- Task to carry out
After finding the line with "1pair Sports Knee" in the entries below, retype exactly each line from there through the line with "Snake Venomous Flower", including that final line.

- Data records
───
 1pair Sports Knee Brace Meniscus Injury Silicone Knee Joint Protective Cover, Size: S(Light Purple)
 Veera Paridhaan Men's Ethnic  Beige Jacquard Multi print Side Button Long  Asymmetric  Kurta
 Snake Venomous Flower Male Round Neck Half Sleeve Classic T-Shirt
───
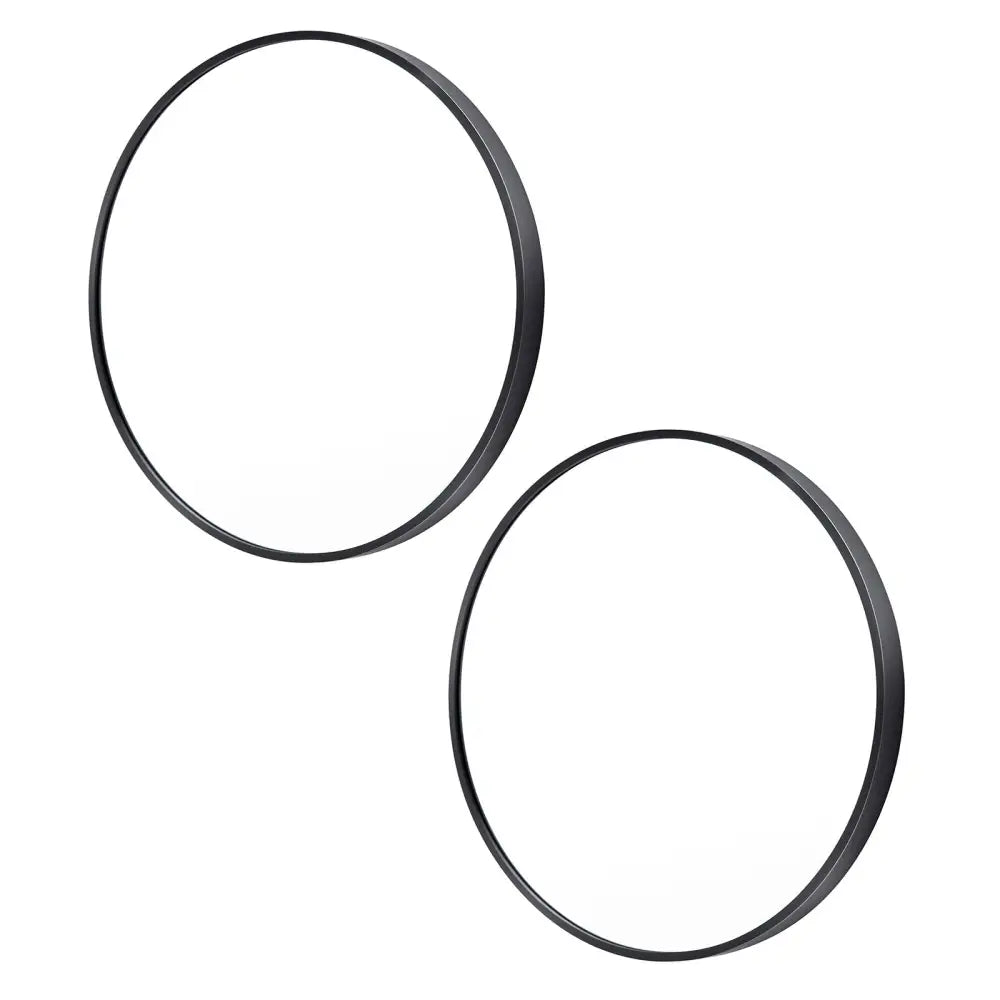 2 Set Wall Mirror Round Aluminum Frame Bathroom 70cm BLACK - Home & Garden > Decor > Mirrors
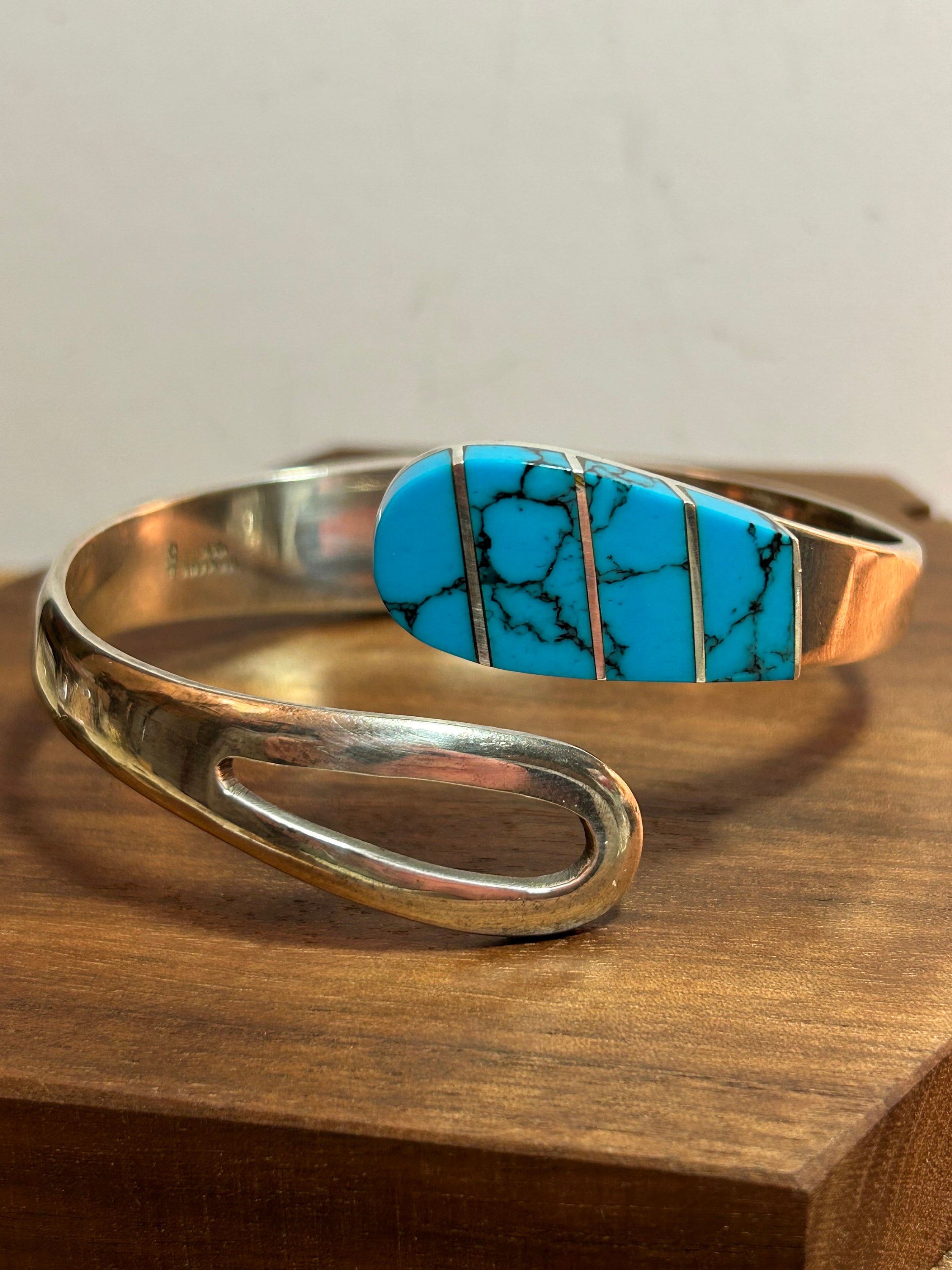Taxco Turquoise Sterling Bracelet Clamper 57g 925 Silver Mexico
───
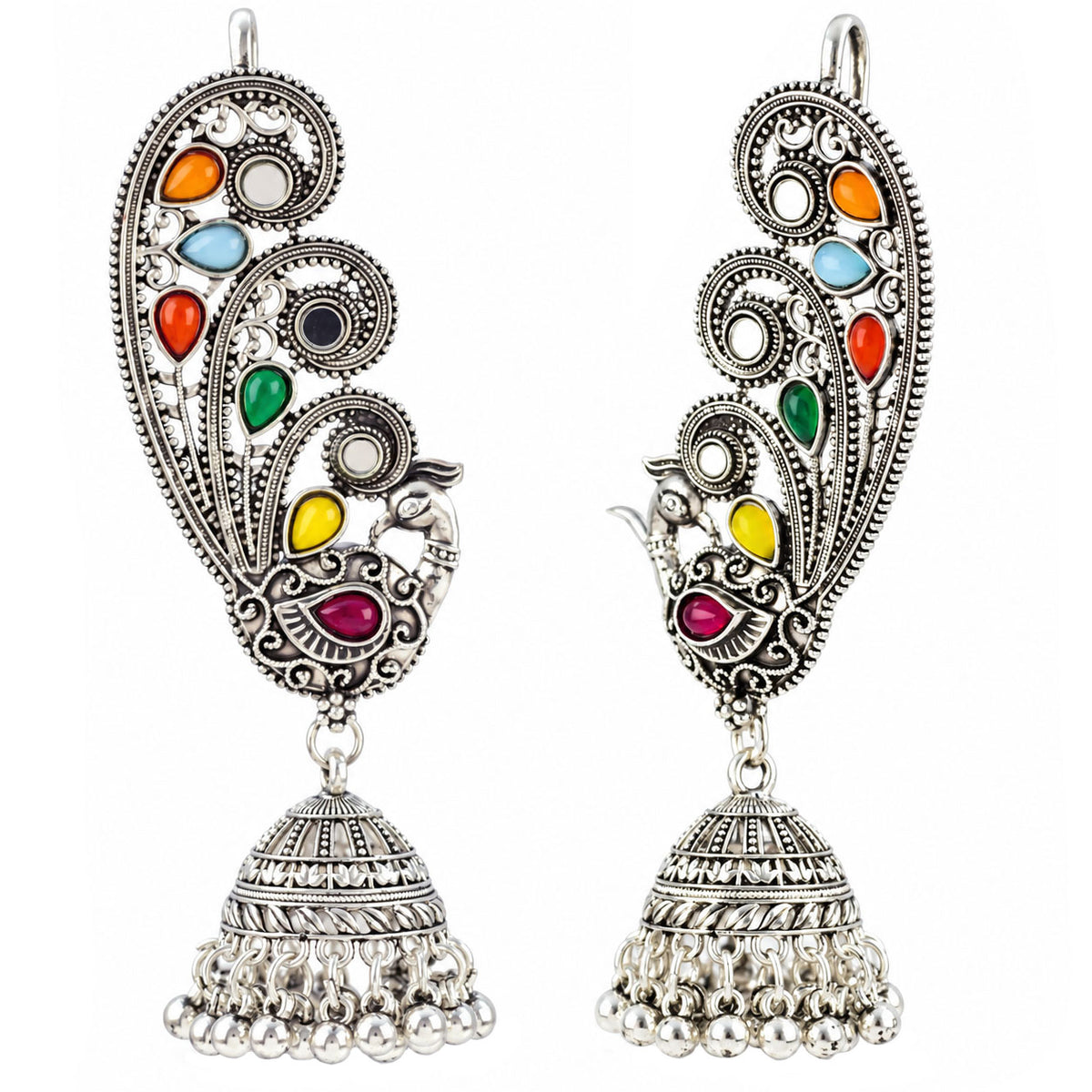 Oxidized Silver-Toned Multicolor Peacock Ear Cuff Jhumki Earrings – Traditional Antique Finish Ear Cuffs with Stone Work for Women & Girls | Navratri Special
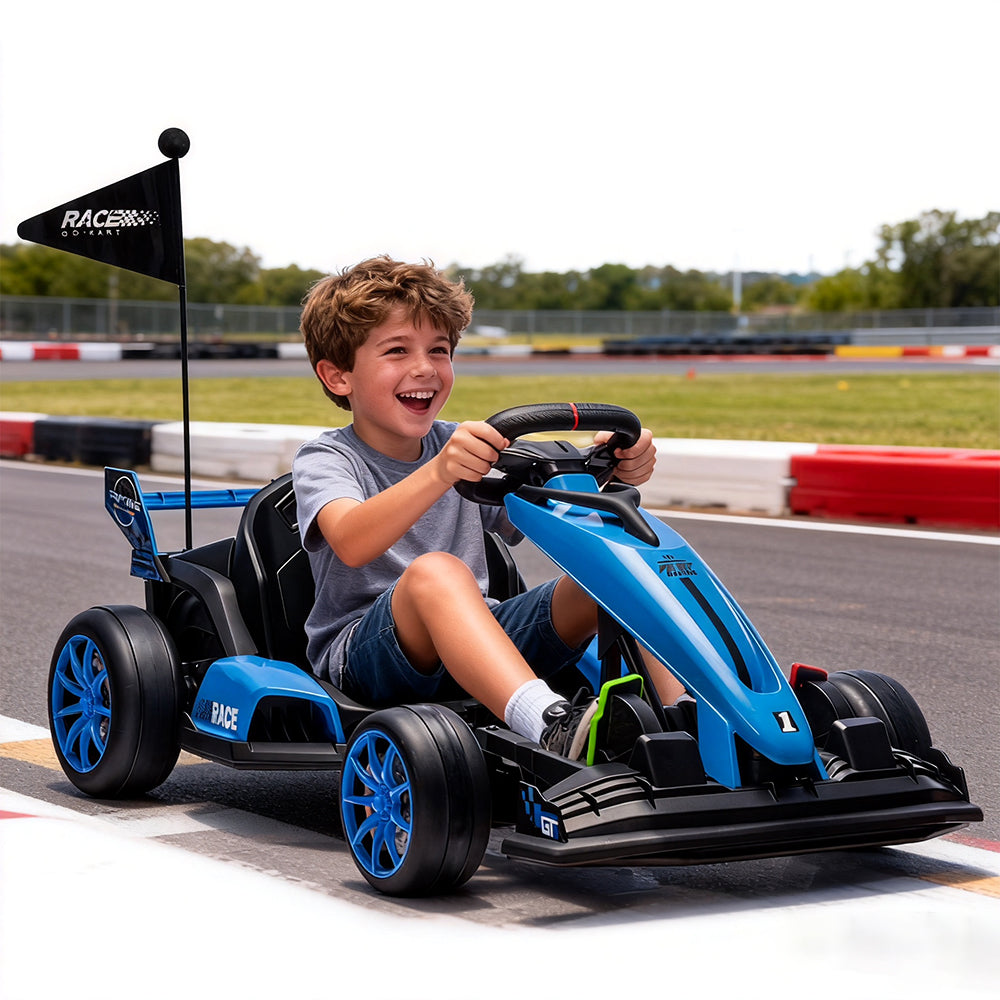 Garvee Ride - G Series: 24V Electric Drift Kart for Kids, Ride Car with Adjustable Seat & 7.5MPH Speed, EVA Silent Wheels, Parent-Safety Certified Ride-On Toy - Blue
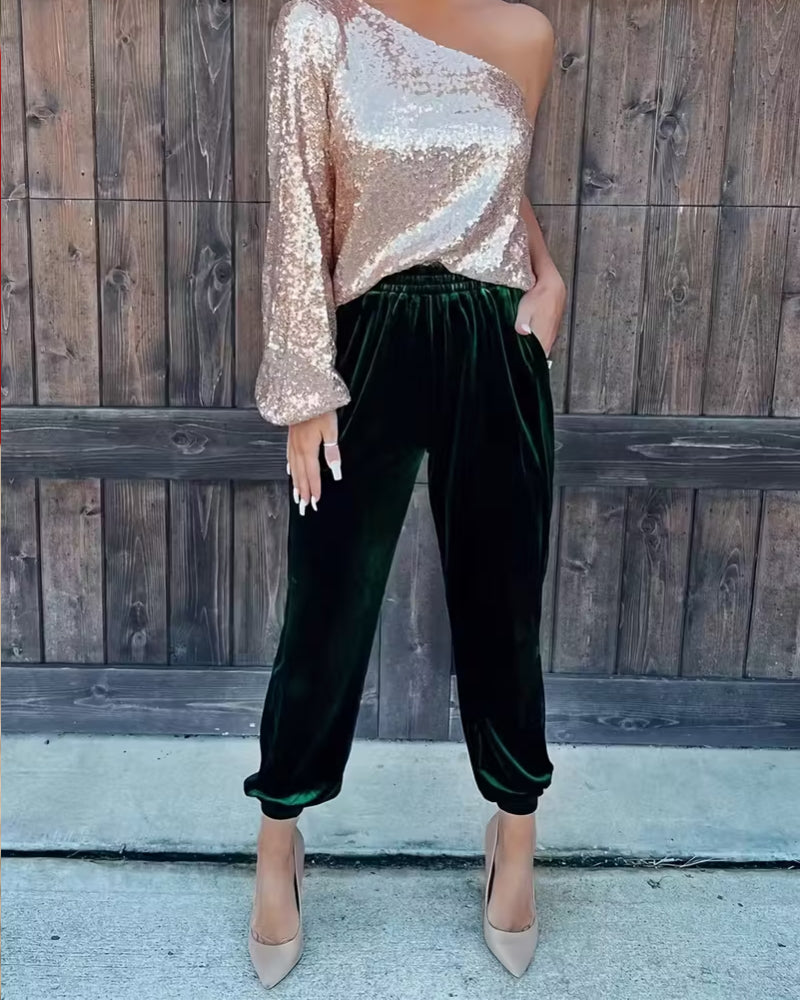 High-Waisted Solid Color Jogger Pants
───
- Your response
 1pair Sports Knee Brace Meniscus Injury Silicone Knee Joint Protective Cover, Size: S(Light Purple)
 Veera Paridhaan Men's Ethnic  Beige Jacquard Multi print Side Button Long  Asymmetric  Kurta
 Snake Venomous Flower Male Round Neck Half Sleeve Classic T-Shirt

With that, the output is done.